▶ _WHAT TO PRODUCE_
Copy the entries without a single change. Pictures should be dropped.

--- RECORD EXTRACTS ---

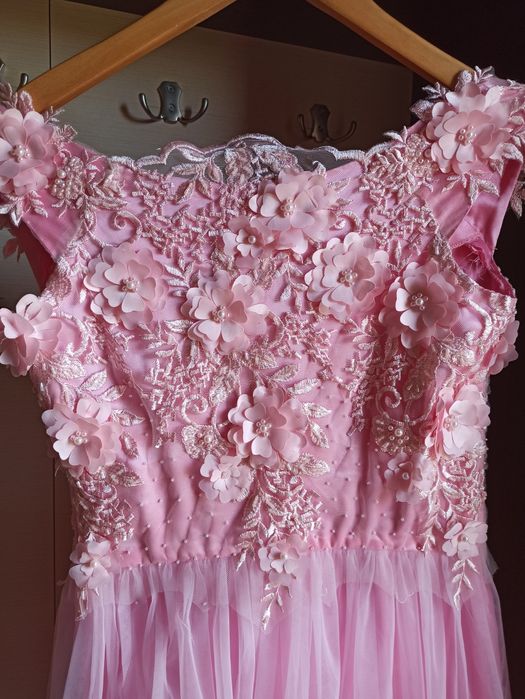 Сукня на дівчину вишукана розкішна платье нарядное нежное с фатином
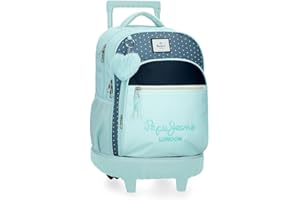 Pepe Jeans Dalma Mochila escolar mochila infantil fabricada en Poliéster, Tirantes anchos y ajustables que se adaptan, bolsillo frontal. De Joumma Bags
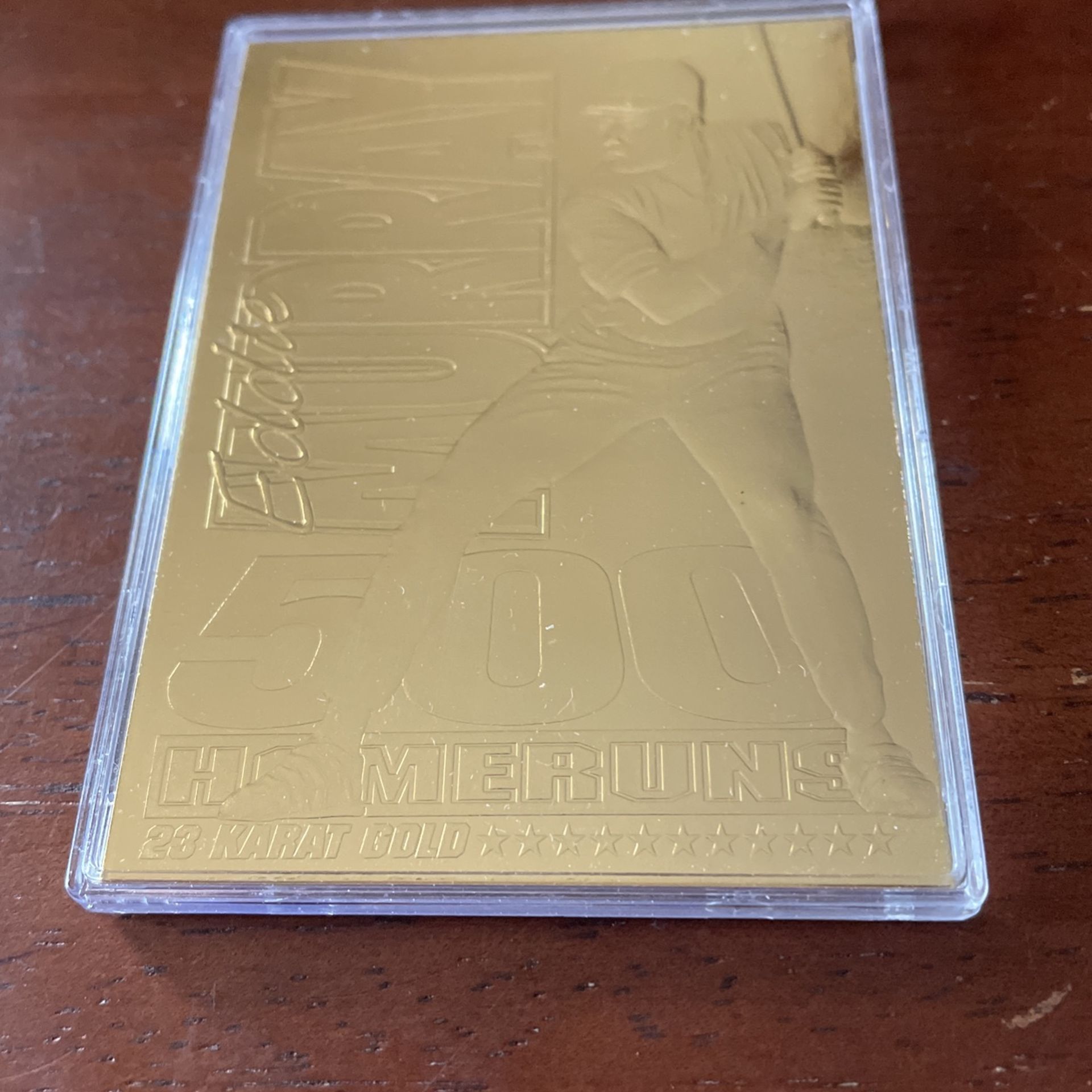 Eddie Murray 23 karat gold foil card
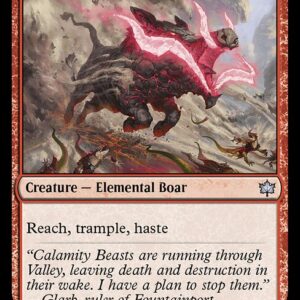 Bloomburrow - 146 - Quaketusk Boar - Uncommon - R - Foil (Front)
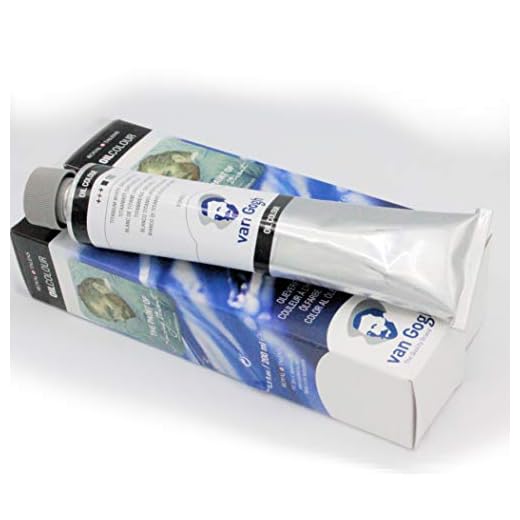 Royal Talens Van Gogh - Pintura de color al óleo (3 tubos de 200 ml, titanio, aceite de azafra blanca) 105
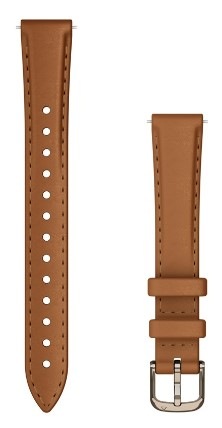 Remienok Garmin Lily 2 (14 mm), kožený, Tan/Cream Gold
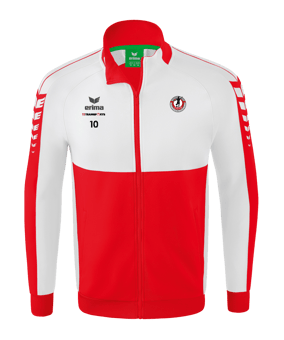 Erima Six Wings Trainingsjacke Kids Rot Weiss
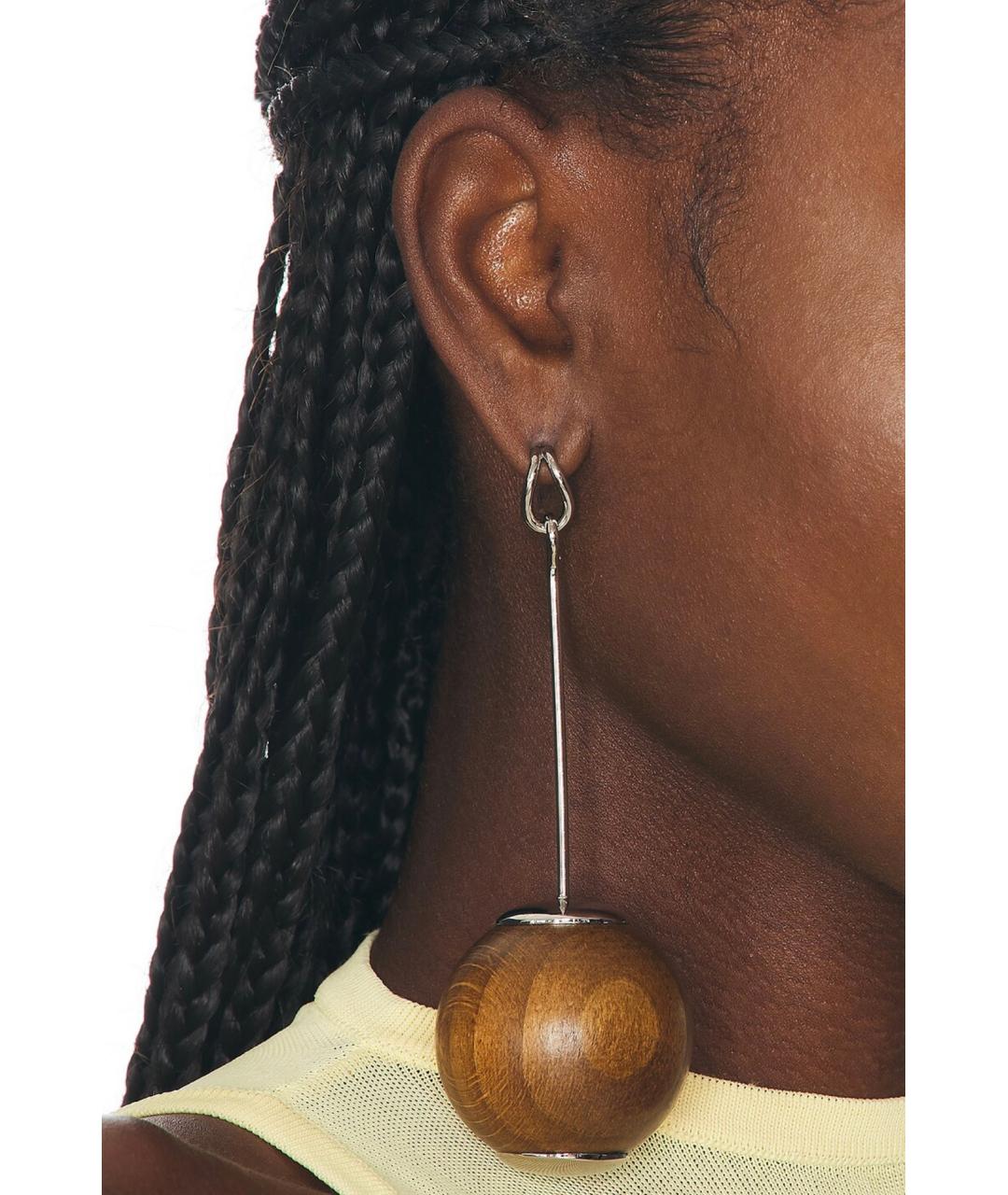 JACQUEMUS Мульти серьги, фото 6
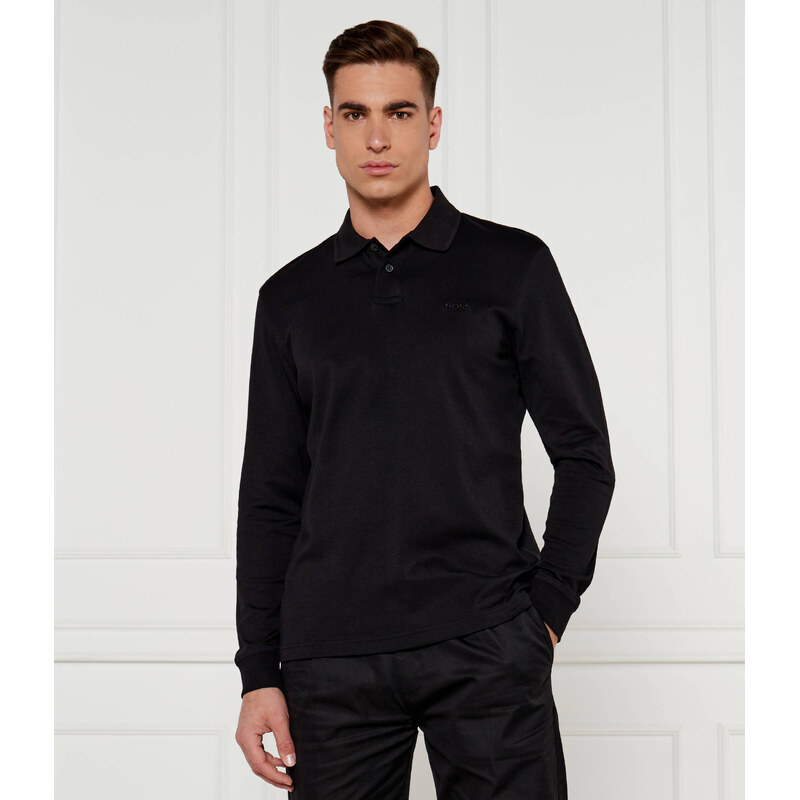 BOSS ORANGE Polokošile Pe_interlock_long | Regular Fit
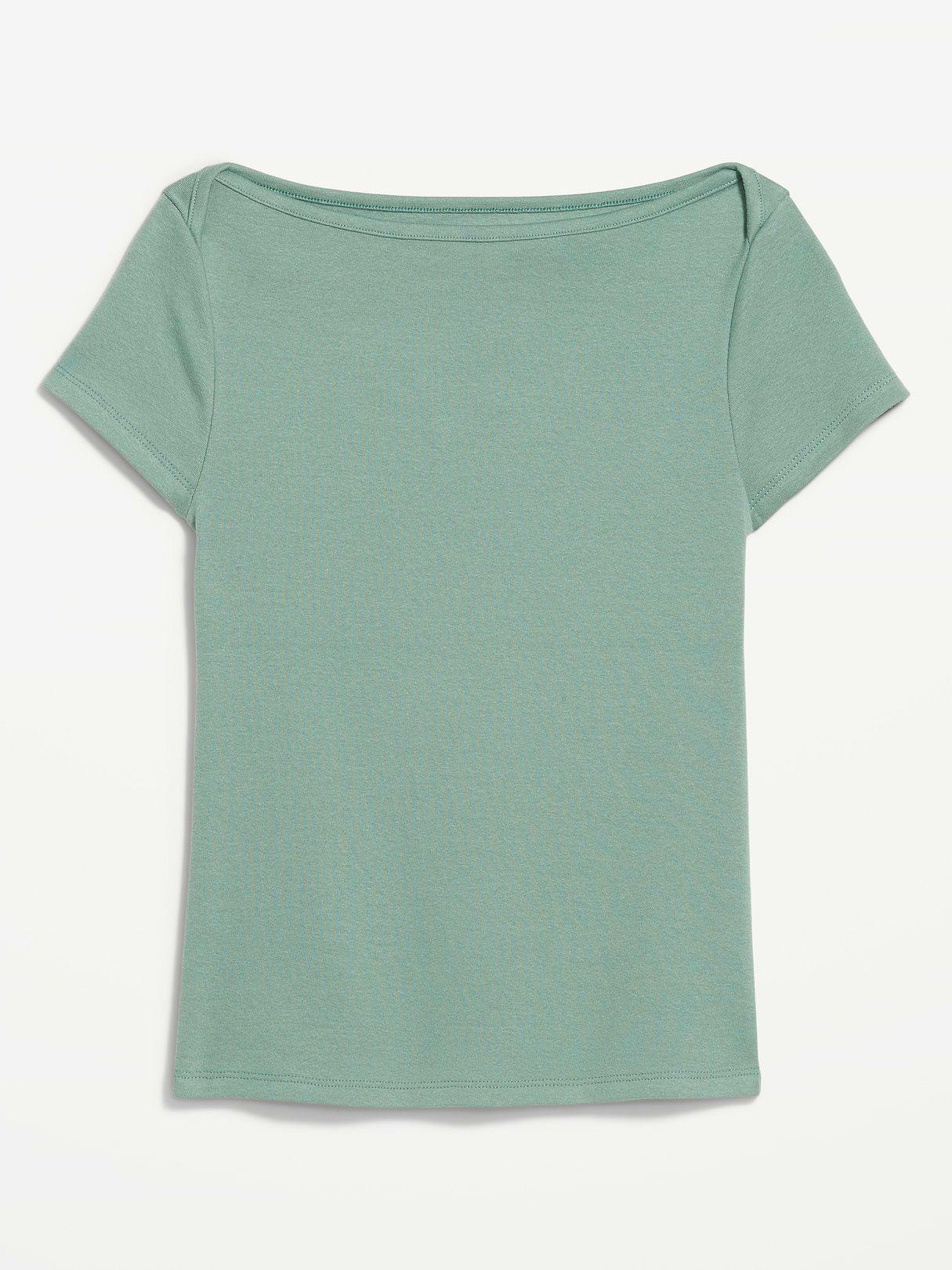Snug Boatneck T-Shirt - Dried Herb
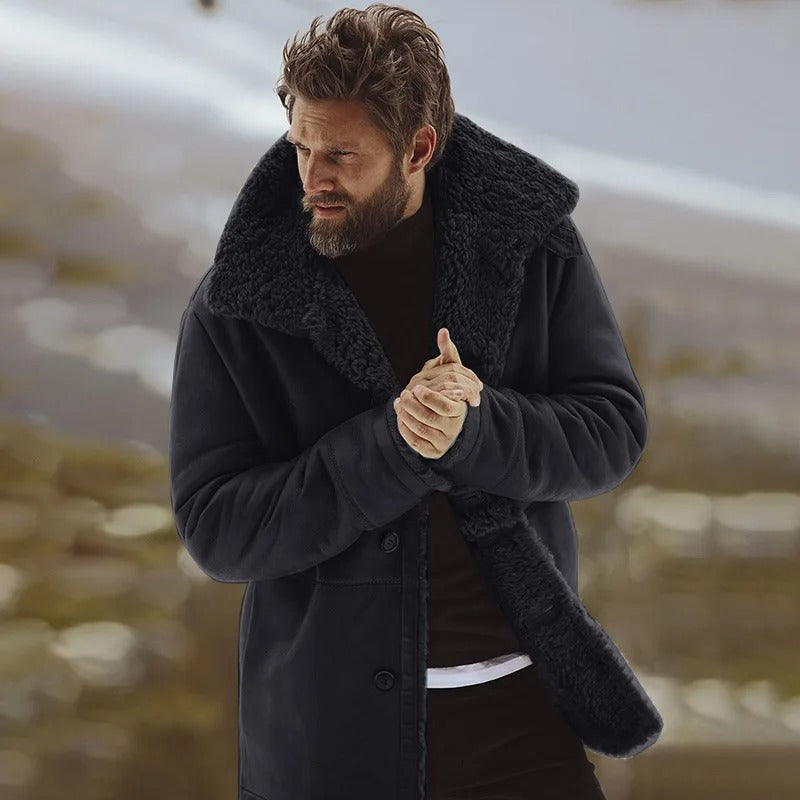 Edric – Men’s Modern Winter Coat with Functional Design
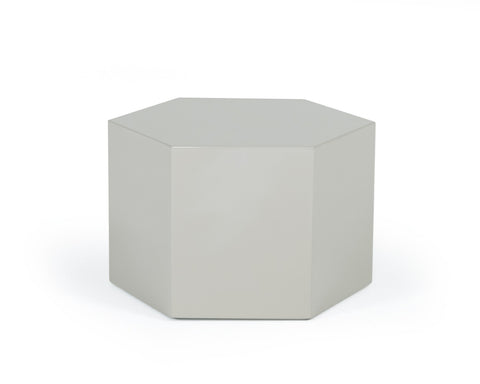 Modrest Newmont Small Light Grey High Gloss End Table Model VGBBMND-CT23-LTGRY-ET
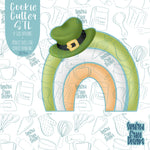 St Patrick's Day Rainbow Cookie Cutter STL Files for 3D Printing With Matching Printable PNG Images for Edible Ink Printers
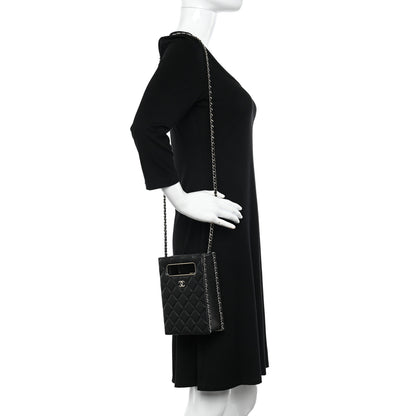 Chanel Caviar Quilted Evening Box Bag Black 2 of 11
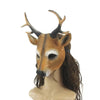 Sika Deer Mask Halloween Deer Mask Carnival Party Pu Animals Mask by My Store
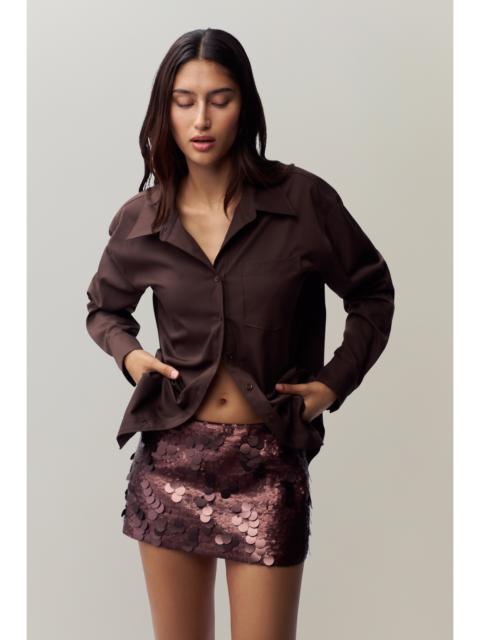 LOW RISE PAILLETTE SKIRT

---

▶ _SOLUTION TO THIS EXERCISE_
 Сукня на дівчину вишукана розкішна платье нарядное нежное с фатином
 Pepe Jeans Dalma Mochila escolar mochila infantil fabricada en Poliéster, Tirantes anchos y ajustables que se adaptan, bolsillo frontal. De Joumma Bags
 Eddie Murray 23 karat gold foil card
 Bloomburrow - 146 - Quaketusk Boar - Uncommon - R - Foil (Front)
 Royal Talens Van Gogh - Pintura de color al óleo (3 tubos de 200 ml, titanio, aceite de azafra blanca) 105
 Remienok Garmin Lily 2 (14 mm), kožený, Tan/Cream Gold
 Erima Six Wings Trainingsjacke Kids Rot Weiss
 JACQUEMUS Мульти серьги, фото 6
 BOSS ORANGE Polokošile Pe_interlock_long | Regular Fit
Snug Boatneck T-Shirt - Dried Herb
 Edric – Men’s Modern Winter Coat with Functional Design
 Modrest Newmont Small Light Grey High Gloss End Table Model VGBBMND-CT23-LTGRY-ET
 St Patrick's Day Rainbow Cookie Cutter STL Files for 3D Printing With Matching Printable PNG Images for Edible Ink Printers
 Chanel Caviar Quilted Evening Box Bag Black 2 of 11
 Sika Deer Mask Halloween Deer Mask Carnival Party Pu Animals Mask by My Store
 LOW RISE PAILLETTE SKIRT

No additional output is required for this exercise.